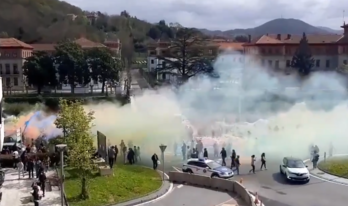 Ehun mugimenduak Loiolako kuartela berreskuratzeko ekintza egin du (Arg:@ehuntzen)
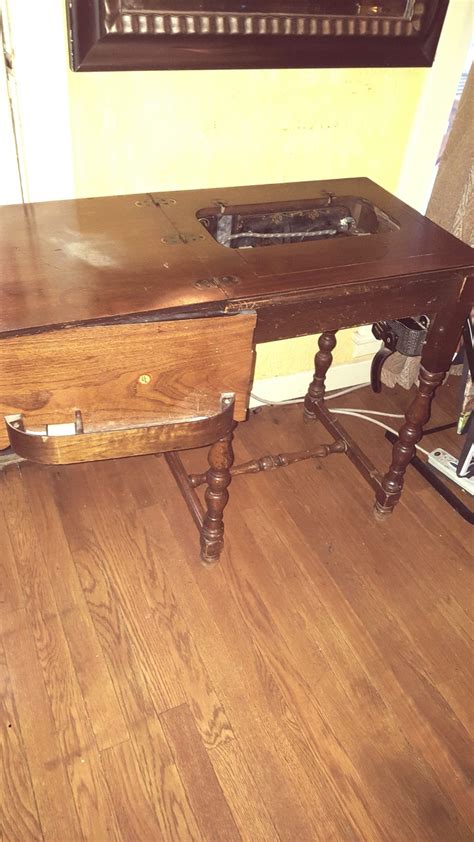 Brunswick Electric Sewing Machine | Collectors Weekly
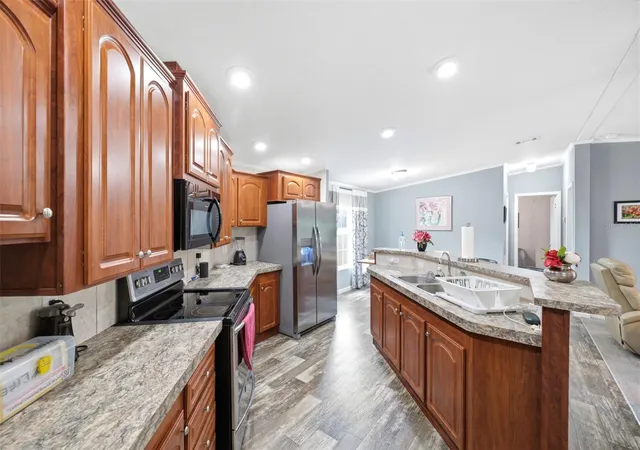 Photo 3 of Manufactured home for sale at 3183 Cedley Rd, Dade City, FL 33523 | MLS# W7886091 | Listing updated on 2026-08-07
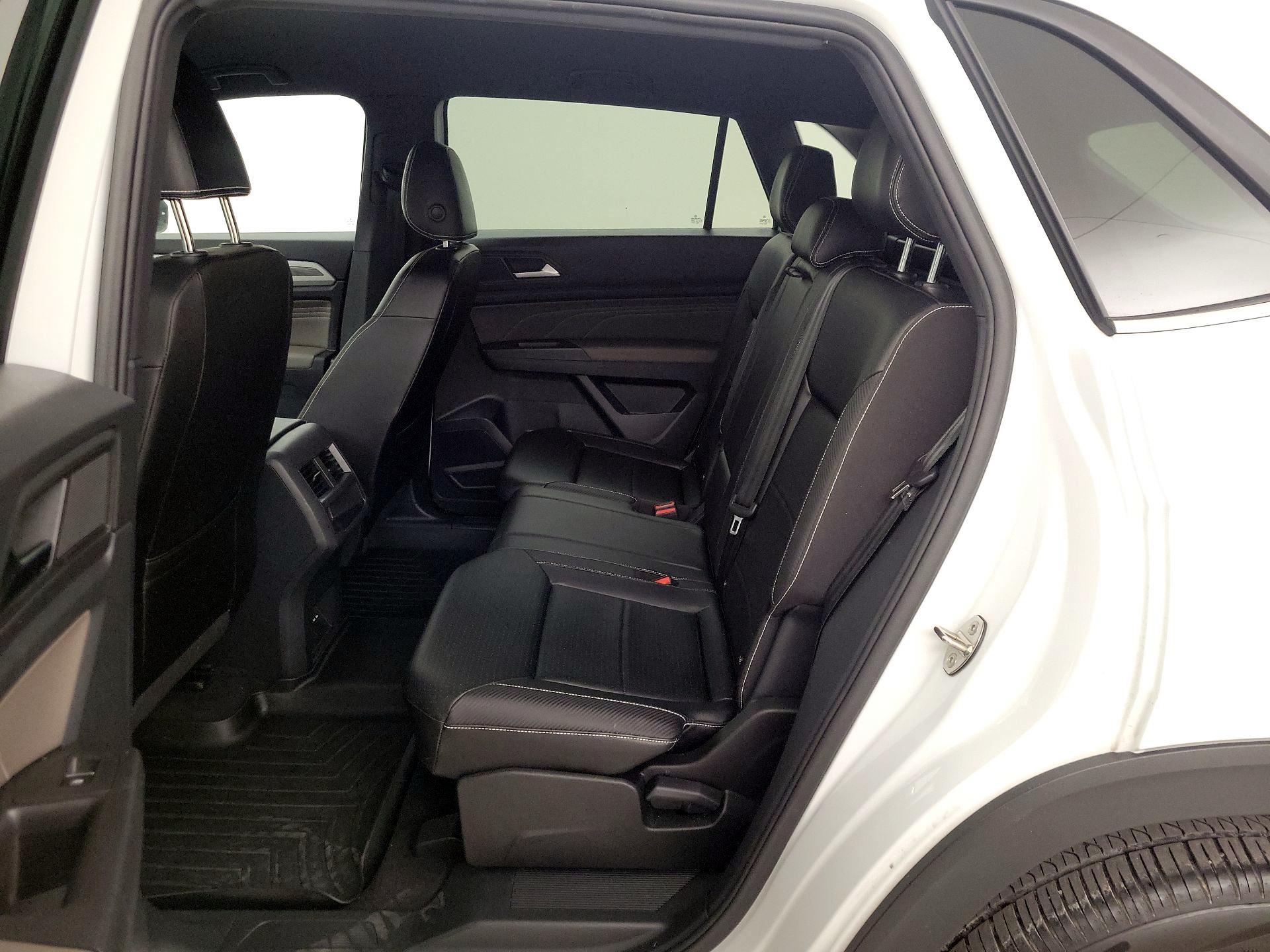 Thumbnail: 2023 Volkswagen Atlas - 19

^^^^

### ABOUT THIS EXERCISE
All lines from the one containing "Machine | Collectors Weekly" through the end of the data are to be restated exactly, with nothing else and without the pictures.

### RESPONSE TO THE TASK
 Brunswick Electric Sewing Machine | Collectors Weekly
 Photo 3 of Manufactured home for sale at 3183 Cedley Rd, Dade City, FL 33523 | MLS# W7886091 | Listing updated on 2026-08-07
 Thumbnail: 2023 Volkswagen Atlas - 19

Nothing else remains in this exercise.